Barton v. Petit & BayardAnnotate this Case
11 U.S. 194 (1812)
U.S. Supreme Court
Barton v. Petit & Bayard, 11 U.S. 7 Cranch 194 194 (1812)
Barton v. Petit & Bayard
11 U.S. (7 Cranch) 194
A plaintiff who has declared jointly against two defendants as being in custody when in fact only one of the defendants was taken on the capias cannot abate his own action against the party not taken unless authorized so as to do by the return of the process against that party.
If the marshal of Virginia return that the defendant is no inhabitant of the District of Virginia, the suit shall abate as to such defendant.

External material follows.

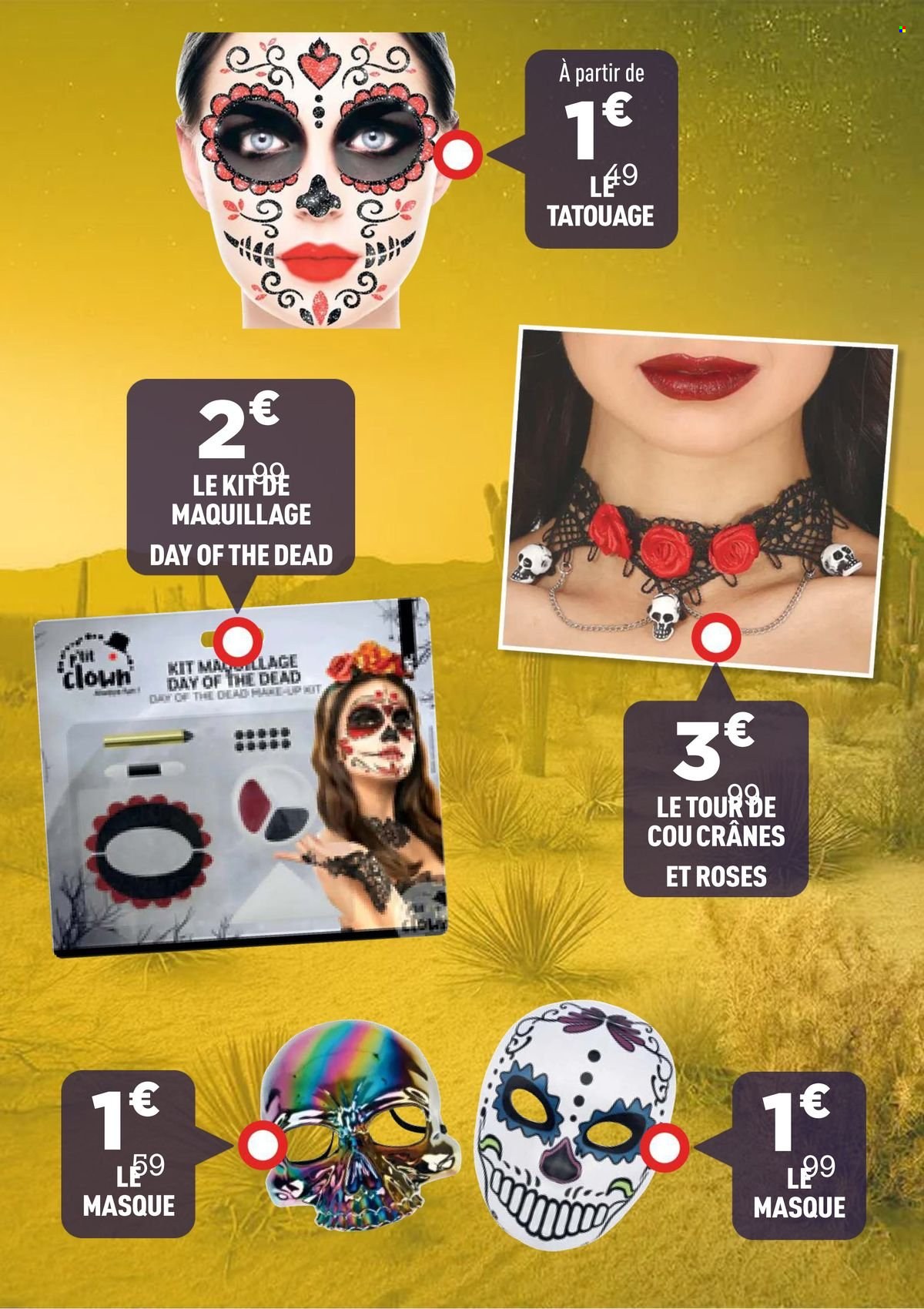 Catalogue Centrakor - 14/10/2024 - 27/10/2024. Page 29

The general rule certainly is that if two or more persons are sued in a joint action, the plaintiff cannot proceed to obtain a judgment against one alone, but must wait until the others have been served with process or until the other defendant have been proceeded against as far as the law authorizes for the purpose of forcing an appearance.

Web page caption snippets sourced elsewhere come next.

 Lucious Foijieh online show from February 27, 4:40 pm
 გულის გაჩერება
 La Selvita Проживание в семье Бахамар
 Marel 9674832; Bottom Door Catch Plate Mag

The transcript of the record which was sent up, began by stating that
"Heretofore to-wit, at rules held in the clerk's office of the said court in the month of December in the year 1807, Andrew Petit and Andrew Bayard, by Philip N. Nicholas, Esq., their attorney appeared and filed their certain bill against Seth Barton and Thomas Fisher, which bill is in the following words, to-wit:"
" United States, Fifth Circuit, District of Virginia, to-wit, Andrew Petit and Andrew Bayard, citizens and inhabitants of the State of Pennsylvania, merchants and partners, trading under the firm of Petit & Bayard, plaintiffs, complain of Seth Barton and Thomas Fisher, citizens and inhabitants of the State of Virginia, late merchants and partners trading under the firm of Barton & Fisher, defendants in custody, of a plea that the said defendants render unto the said plaintiffs the sum of four thousand dollars, also one thousand and four pounds of tobacco at twelve shillings and six pence the hundredweight, being of the value of twenty dollars and ninety-two cents, which to the said plaintiffs the said defendants owe, &c.; stating a judgment of the General Court of Maryland."
The record then states that the defendant, Seth Barton, having been arrested upon the capias ad respondendum, and being called, but not appearing, it was ordered
that he appear at the next rules and give special bail, &c., which he did and pleaded payment, upon which the issue was joined, and verdict for the plaintiffs. Whereupon the defendant, Barton, moved in arrest of judgment because,
1. The declaration states a joint cause of action against this defendant and a certain Thomas Fisher, and therefore a judgment ought not to be rendered against this defendant alone.
2. Because the plaintiff has not in and by his declaration made a profert of the judgment stated in the declaration, under the seal of the General Court of Maryland, where the said judgment is stated to have been rendered.
3. Because the said Thomas Fisher ought, upon a joint judgment against him and this defendant (the said Thomas being stated to be in life and a citizen and inhabitant of the district of Virginia) to be a party to the judgment, if one is rendered against the said defendant, and
4. Because the verdict is insufficient, uncertain, and wants form.
This motion was overruled, and judgment entered upon the verdict against the defendant, Barton, alone,
"for $4,000, also one thousand and four pounds of tobacco at twelve shillings and six pence the hundredweight, of the value of twenty dollars and ninety-two cents, and their costs, &c."
Whereupon the defendant brought his writ of error.